Thursday, September 27, 2012

HOPSCOTCH Music Fest pics 2012

Only got in 1 out of 3 days @ Hopscotch, but it was a great day!

My buddy Dwight & I started out at the fab (and FREE) day party put together by Three Lobed Recordings and good ol' WXDU:

Got there too late to see Bishop, Orcutt, Corsano ... unforch. But, I hear Three Lobed will probably formally release a recording of that. Chuck Johnson's acoustic set was great but we were way in the back, so no good pics.   BTW, King's Barcade was packed with people the entire afternoon!  Awesome.

Here's (this incarnation of) Hiss Golden Messenger.  M.C. Taylor (right) supported by Scott Hirsch (guitar) and Nathan Bowles (banjo).  Hopscotch "Band-by-Band Compendium" describes HGM like this:  "The vehicle of Bay Area import M.C. Taylor, this outfit released the wondrous Poor Moon last year.  Somehow, that album retained ample '70s country rock flavor while adding elements of spooky Southern soul and ambling roots rock." 


Between sets there were brief periods of old-timey unamplified interstitial tunes from Nathan Bowles and fiddler Mike Gangloff of Black Twig Pickers.

Above 3 photos:  Oren Ambarchi (top), David Daniell (guitar), Chris Corsano (drums).  One huge long drone / noise piece.  Dwight & I were particularly taken w/Corsano.  A highlight!

The Compendium on Corsano:  "A drummer who is busy behind the kit, having collarborated with a range of experimental luminaries from Bj√∂rk to Jandek, Hopscotch's 2012 Improvisor in Residence is a master of dynamics and versatility. As capable of washing through spaces as he is exploding into them, Corsano is a situational expert."

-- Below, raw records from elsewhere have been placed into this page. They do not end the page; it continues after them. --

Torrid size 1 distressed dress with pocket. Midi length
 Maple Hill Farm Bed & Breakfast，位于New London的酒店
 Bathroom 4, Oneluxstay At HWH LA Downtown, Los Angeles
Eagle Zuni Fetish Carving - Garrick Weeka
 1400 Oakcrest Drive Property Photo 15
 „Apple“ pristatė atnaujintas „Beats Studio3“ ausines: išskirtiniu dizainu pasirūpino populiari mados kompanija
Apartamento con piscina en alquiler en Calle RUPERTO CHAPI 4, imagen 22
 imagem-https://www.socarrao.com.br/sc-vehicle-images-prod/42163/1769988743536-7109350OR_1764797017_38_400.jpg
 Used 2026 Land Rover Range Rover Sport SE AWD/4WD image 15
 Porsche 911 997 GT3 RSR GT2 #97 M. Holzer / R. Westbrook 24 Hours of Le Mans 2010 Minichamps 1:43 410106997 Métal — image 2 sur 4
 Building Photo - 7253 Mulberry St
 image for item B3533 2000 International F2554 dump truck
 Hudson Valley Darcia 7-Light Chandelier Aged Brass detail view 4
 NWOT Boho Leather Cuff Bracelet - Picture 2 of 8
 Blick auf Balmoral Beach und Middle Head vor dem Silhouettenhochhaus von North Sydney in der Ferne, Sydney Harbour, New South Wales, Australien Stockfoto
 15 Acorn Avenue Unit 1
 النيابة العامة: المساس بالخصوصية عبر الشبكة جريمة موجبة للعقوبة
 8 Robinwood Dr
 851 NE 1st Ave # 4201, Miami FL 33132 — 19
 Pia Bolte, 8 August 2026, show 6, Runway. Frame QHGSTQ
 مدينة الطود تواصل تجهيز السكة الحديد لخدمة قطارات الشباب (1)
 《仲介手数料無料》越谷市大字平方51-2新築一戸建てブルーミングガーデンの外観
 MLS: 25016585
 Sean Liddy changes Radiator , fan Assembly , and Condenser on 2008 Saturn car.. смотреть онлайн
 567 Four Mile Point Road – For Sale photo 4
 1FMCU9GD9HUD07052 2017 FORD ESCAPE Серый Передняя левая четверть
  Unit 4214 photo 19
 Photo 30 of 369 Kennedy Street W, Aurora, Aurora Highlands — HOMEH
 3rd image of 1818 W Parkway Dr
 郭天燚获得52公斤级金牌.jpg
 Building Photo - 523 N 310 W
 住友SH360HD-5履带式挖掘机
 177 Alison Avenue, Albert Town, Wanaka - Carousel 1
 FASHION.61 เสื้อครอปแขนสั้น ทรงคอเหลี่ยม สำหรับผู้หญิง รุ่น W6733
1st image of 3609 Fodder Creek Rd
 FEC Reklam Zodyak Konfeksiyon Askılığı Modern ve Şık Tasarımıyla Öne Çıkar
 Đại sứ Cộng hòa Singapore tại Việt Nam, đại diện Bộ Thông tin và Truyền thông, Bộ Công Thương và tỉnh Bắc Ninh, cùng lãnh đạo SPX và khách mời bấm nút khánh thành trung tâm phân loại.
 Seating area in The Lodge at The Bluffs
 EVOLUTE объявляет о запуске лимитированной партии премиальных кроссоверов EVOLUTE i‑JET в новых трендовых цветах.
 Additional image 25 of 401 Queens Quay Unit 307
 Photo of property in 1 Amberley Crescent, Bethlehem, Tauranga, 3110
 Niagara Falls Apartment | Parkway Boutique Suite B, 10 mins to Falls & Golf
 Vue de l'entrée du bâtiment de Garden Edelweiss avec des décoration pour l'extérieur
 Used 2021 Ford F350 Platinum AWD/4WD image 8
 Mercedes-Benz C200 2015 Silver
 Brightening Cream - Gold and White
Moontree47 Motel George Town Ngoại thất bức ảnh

On Ambarchi:  "The wildly productive Australian sound artist and multi-instrumentalist Oren Ambarchi is nothing if not a master of tone. Whether riding almost silently alongside Thomas Brinkman or sounding massive with Z'EV, Ambarchi's guitar manipulations dance in every corner of any given space."

Festival website on Daniell:  "Such an active collaborator and curator, it's easy to think of him in relation to other musicians first and as a solo artist second. His work in the trio San Augustin, his partnerships with Loren Connors, Rhys Chatham, Douglas McCombs, and Jeph Jerman are all filled with excellent exchanges and uncanny, almost telepathic communication.But it would be impossible to forge such fruitful partnerships without being a skillful artist in one's own right, and Daniell's solo career has been just as impressive, if not as recognized. All five of his solo albums are thoughtful explorations of his ideas and instruments. He plays drums, guitar and dulcimer, running them all through electronics to create tall, thick waves of sound."

Above:  William Tyler's set.  As you can see from the banner, we're still mid-afternoon at the WXDU / Three Lobed showcase.  "Perhaps familiar as a sideman with Lambchop and Silver Jews, it was Behold The Spirit, Tyler's 2010 debut for occasionally accompanied acoustic guitar, that suddenly turned attention. Graceful and glorious, Tyler's pieces open into teeming worlds of adventure."  Stream this performance HERE!

Wooden Wand. BBC sez: "Wooden Wand is one moniker of singer-songwriter James Jackson Toth. The style of music recorded by Toth and his many incarnations has drawn on a variety of both conventional and experimental folk and rock influences, including psych folk, acid folk, freak folk, free folk, and indie. Though he was significant player in the New Weird America trend of the early- to mid-2000s along with Devendra Banhart, Akron/Family, Joanna Newsom, and collaborators The Vanishing Voice, Toth has been difficult to pigeonhole in one genre; recent releases have been identified as acid folk, free jazz, outlaw country, and country-tinged rock."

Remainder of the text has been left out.